Keywords: data quality; data quality management processes; ISO 8000-61; data quality in sensors; internet of things; IoT; smart, connected products; SCPs

Introduction

“Our economy, society, and survival aren’t based on ideas or information—they’re based on things.”[1] This is one of the core foundations of the internet of things (IoT) as stated by Ashton, who coined the term.
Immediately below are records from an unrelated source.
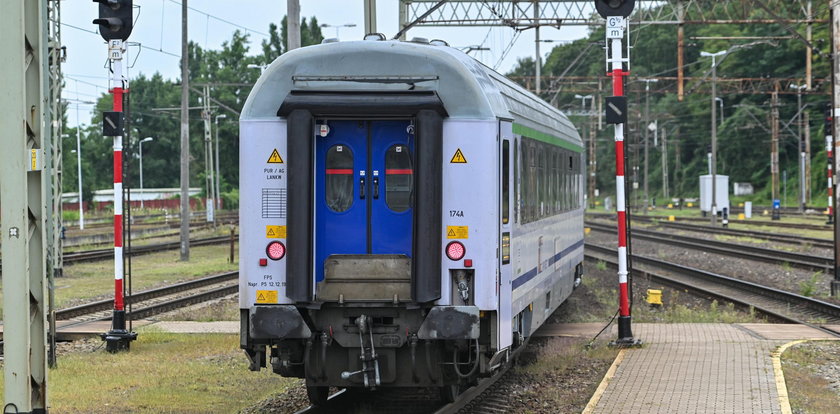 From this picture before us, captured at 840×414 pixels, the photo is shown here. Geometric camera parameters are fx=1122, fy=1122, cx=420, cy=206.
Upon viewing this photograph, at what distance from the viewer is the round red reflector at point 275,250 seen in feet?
31.2

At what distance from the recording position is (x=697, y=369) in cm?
1222

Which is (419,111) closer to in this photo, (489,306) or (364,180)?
(364,180)

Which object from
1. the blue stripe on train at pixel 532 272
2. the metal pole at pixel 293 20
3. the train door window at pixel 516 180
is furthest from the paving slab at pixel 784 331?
the metal pole at pixel 293 20

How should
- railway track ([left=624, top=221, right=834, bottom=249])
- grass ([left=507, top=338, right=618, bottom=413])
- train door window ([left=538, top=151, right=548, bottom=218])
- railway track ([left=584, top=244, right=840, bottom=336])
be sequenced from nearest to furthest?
1. grass ([left=507, top=338, right=618, bottom=413])
2. train door window ([left=538, top=151, right=548, bottom=218])
3. railway track ([left=584, top=244, right=840, bottom=336])
4. railway track ([left=624, top=221, right=834, bottom=249])

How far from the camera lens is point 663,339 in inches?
585

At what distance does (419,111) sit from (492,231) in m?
1.20

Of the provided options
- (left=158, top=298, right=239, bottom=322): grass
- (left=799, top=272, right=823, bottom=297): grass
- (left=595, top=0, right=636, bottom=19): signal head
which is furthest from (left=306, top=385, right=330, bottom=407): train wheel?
(left=799, top=272, right=823, bottom=297): grass

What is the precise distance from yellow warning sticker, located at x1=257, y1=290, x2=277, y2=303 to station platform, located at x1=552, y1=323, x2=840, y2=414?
2.92 meters

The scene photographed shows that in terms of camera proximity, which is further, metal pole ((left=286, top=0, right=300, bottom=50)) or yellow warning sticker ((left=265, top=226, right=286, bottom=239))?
metal pole ((left=286, top=0, right=300, bottom=50))

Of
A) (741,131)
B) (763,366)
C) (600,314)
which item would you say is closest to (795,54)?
(741,131)

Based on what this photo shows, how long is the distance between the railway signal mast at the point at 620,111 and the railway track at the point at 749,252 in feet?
43.6

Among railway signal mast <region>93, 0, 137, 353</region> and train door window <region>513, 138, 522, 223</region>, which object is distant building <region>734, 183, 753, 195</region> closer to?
railway signal mast <region>93, 0, 137, 353</region>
IoT is an emerging global internet-based information architecture facilitating the exchange of goods and services.[2] IoT systems are inherently built on data gathered from heterogeneous sources in which the volume, variety, and velocity of data generation, exchanging and processing are dramatically increasing.[3] Furthermore, there is a certain emergence of IoT semantic-oriented vision which needs ways to represent and manipulate the vast amount of raw data expected to be generated from and exchanged between the “things.”[4]

The vast amount of data in IoT environments, gathered from a global-scale deployment of smart-things, is the basis for making intelligent decisions and providing better services (e.g., smart mobility, as presented by Zhang et al.[5]). In other words, data represents the bridge that connects cyber and physical worlds. Despite of its tremendous relevance, if data are of inadequate quality, decisions from both humans and other devices are likely to be unsound.[6][7] As a consequence, data quality (DQ) has become one of the key aspects in IoT.[6][8][9][10] IoT devices, and in particular smart, connected products (SCPs), have concrete characteristics that favor the apparition of problems due to inadequate levels of data quality. Mühlhäuser[11] defines SCPs as “entities (tangible object, software, or service) designed and made for self-organized embedding into different (smart) environments in the course of its lifecycle, providing improved simplicity and openness through improved connections.” While some of the SCP-related characteristics might be considered omnipresent (i.e., uncertain, erroneous, noisy, distributed, and voluminous), other characteristics are more specific and highly dependent on the context and monitored phenomena (i.e., smooth variation, continuous, correlation, periodicity, or Markovian behavior).[6]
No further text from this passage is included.